Finalmente hanno inventato la Tivù

Quando, a metà degli anni ottanta, venne liberalizzato il mercato delle televisioni, la tesi a sostegno era che in tal modo si ampliava l’offerta televisiva incrementando il pluralismo dell’informazione, senza per questo produrre ulteriori costi per i cittadini.
Nel frattempo il canone è aumentato sebbene ci si aspettasse il contrario e sebbene l’aumento degli introiti pubblicitari abbiano fatto altrettanto - basti ricordare che all’epoca in cui esistevano solo le reti Rai non esisteva la pubblicità che interrompeva programmi e film. D’altro canto la qualità dei programmi televisivi non ha progredito parimenti all’incremento dei profitti, realizzando, di fatto, un percorso inverso rispetto a quello teatrale - passato dalla commedia dell’arte alla drammaturgia - mentre la produzione televisiva ha indirizzando la gran parte dei suoi prodotti in una serie di riproposizioni del medesimo canovaccio sempre uguale a se stesso al solo scopo di allungarne il brodo per fidelizzare lo spettatore ad una storia senza fine sebbene senza sostanza narrativa. A tutto ciò si sono aggiunti ulteriori costi dovuti alla nascita del digitale terrestre che imponevano all’utente l’acquisto di decoder idonei a decodificarne il segnale.

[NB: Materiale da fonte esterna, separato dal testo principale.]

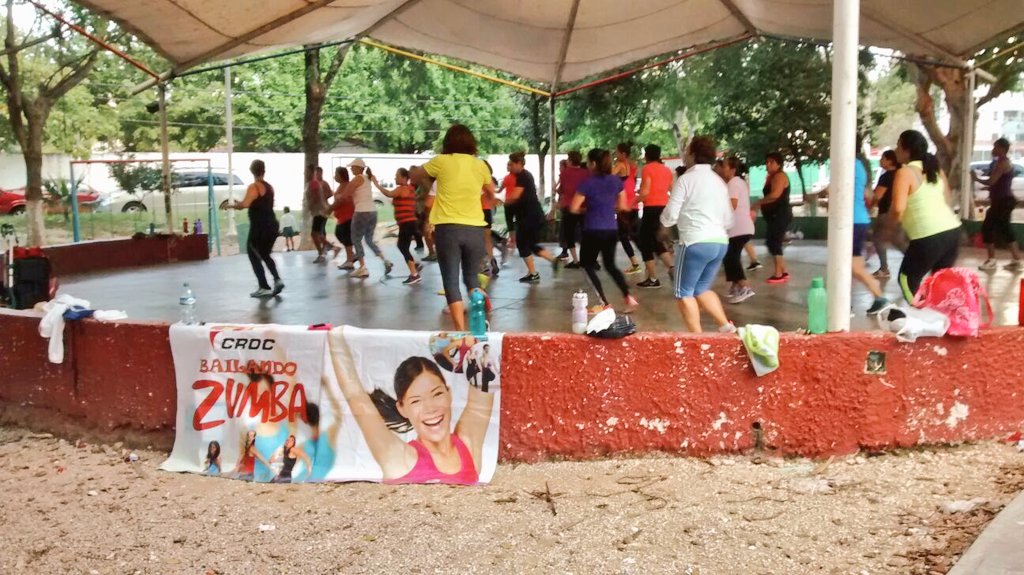 TuRadioCROC's tweet photo. #ZumbaCROC Martes a las 7 de la mañana en el Kiosco de la #Reg48 #Cancún; invita @MachucaCROC y @crocqroo ¡Únete! https://t.co/liIASmH7OO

Quanto al pluralismo le intercettazioni telefoniche pubblicate ci hanno resi edotti del fatto che anche i palinsesti e le scalette dei Tg erano concordate tra le varie testate televisive allo scopo di non nuocersi a vicenda sia sul fronte degli ascolti televisivi sia del consenso politico.
A quasi vent’anni di distanza ci troviamo di fronte all’epilogo del bel sogno iniziale, che tale è rimasto. Siamo, infatti, giunti dinnanzi alla nascita della “Tivù”. Quasi a citare uno spot in onda in questi giorni in cui si riscrivono eventi storici allorché vi fosse stata la televisione. Perché fin’ora la televisione c’era ma non la Tivù.
Quello che fin’ora era solo sussurrato, quando non negato sdegnosamente, viene ufficializzato da un’accordo che formalizza la costituzione del cartello dell’emittenza televisiva : “Rai e Mediaset (entrambe al 48%) e Telecom Italia Media (al 4%), l'editore di La7, hanno creato una società, Tivù srl, che opererà con due marchi, Tivù e Tivù Sat”.
Che l’ufficio del garante della concorrenza non abbia nulla da dire appare decisamente curioso, soprattutto alla luce delle recenti sentenze dell’ U.E. che imponevano la migrazione di Rete 4 sul satellite e la restituzione delle frequenze a Europa 7, ancora inevase. Perché è certo che con la concretizzazione di un simile accordo si pone la pietra tombale sul tema della concorrenza e della pluralità, dato che l’ingresso di nuovi competitors in un mercato blindato come questo appare alquanto improbo.
A questo si aggiunge che, in buona sostanza, anche quanti sostenevano che il pagamento del canone televisivo, per quanto ingiusto, fosse funzionale al sostentamento della sola Rai, ora non più, visto che servirà alla costituzione di una piattaforma satellitare unica anche con Mediaset e La7, i quali beneficeranno in quota parte anche del canone pagate dai cittadini.
Verosimilmente più d’uno dirà che il fatto che l’attuale Presidente del Consiglio, oltre ad essere figura di riferimento per l’emittenza pubblica, sia anche il proprietario dei tre principali canali concorrenti è solo un episodio casuale ed incidentale. Che ovviamente non nutra alcun interesse e, tanto meno, beneficio personale in un siffatto accordo, così come quando ha deciso di dare corso ad una sentenza della corte europea che imponeva l’elevazione dell’IVA a Sky, suo principale concorrente italiano in tema di prodotti televisivi a pagamento. Curioso notare come tanta solerzia nell’attuare le disposizione europee non l’abbia avuta quando si parlava di un canale di sua proprietà come Rete 4.
Insomma, il Cavaliere fortunello sembra sempre avere la buona sorte di trovarsi al posto giusto nel momento giusto, per cui le faccende economiche e di stato si concilino sempre nel senso a lui personalmente più favorevole. Che pur senza inventare nulla ma reinventando tutto a suo modo dalla televisione all’acqua calda veda crescere la sua posizione di potere e dominio nello scenario nazionale.
A questo punto sarebbe opportuna la sua investitura perpetua nella attuale carica quale ammennicolo portafortuna.